2014 was the year in which he failed decisively at these objectives. He has had to keep 10,000 US military personnel in Afghanistan, given the continued strength of the Taliban and the untested character of the Afghanistan National Army.
The collapse of the Iraqi army in June in the face of a popular uprising coordinated with Daesh (ISIS or ISIL) in the Sunni Arab north brought him back into Iraq. Not only are US aircraft bombing Iraq daily, some 3,000 US military personnel are in the country, and a military command is being created. Obama’s strategy against Daesh has had several successes since June.

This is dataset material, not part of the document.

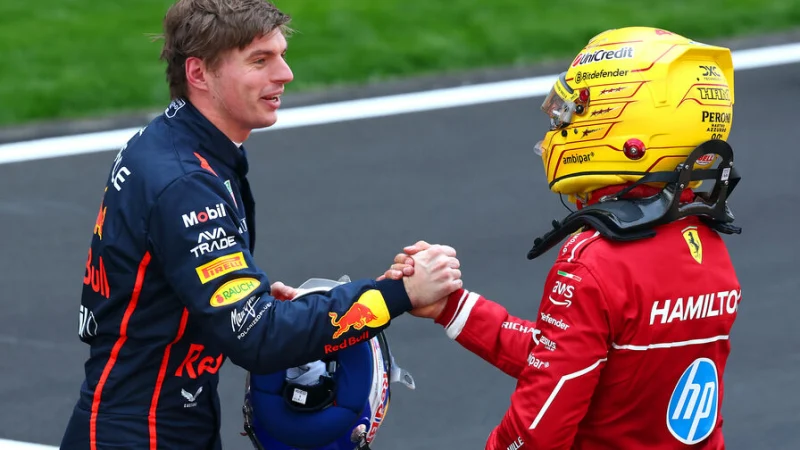 &laquo;Просто реакция на Сильверстоун&raquo;. Хэмилтон поддержал Ферстаппена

The minions of Ibrahim al-Samarra’i (who styles himself ‘caliph’ Abu Omar al-Baghdadi) have been pushed back from most Kurdish territory and no longer menace Erbil, the capital of Iraqi Kurdistan. They have been denied their stronghold at the town of Jurf al-Sakhr in southern al-Anbar Province southwest of Baghdad, and the capital seems more secure than it did last summer. They have lost territory in Diyala province, and just this weekend the Iraqi army, Shiite militias, Iranian Revolutionary Guards, and the Kurdistan Peshmerga paramilitary expelled them from Dhulu’iya northeast of the capital. The Iraqi forces have also pushed them back from the center of Beiji, the refining city. Most dramatically, the Peshmerga, aided by US close air support and Syrian Kurdish guerrillas of the YPG, took Mt. Sinjar from Daesh and rescued thousands of Yezidi Kurds who had been in danger of being killed and ethnically cleansed. Ironically, the US and Iran are de facto allies against Daesh in Iraq.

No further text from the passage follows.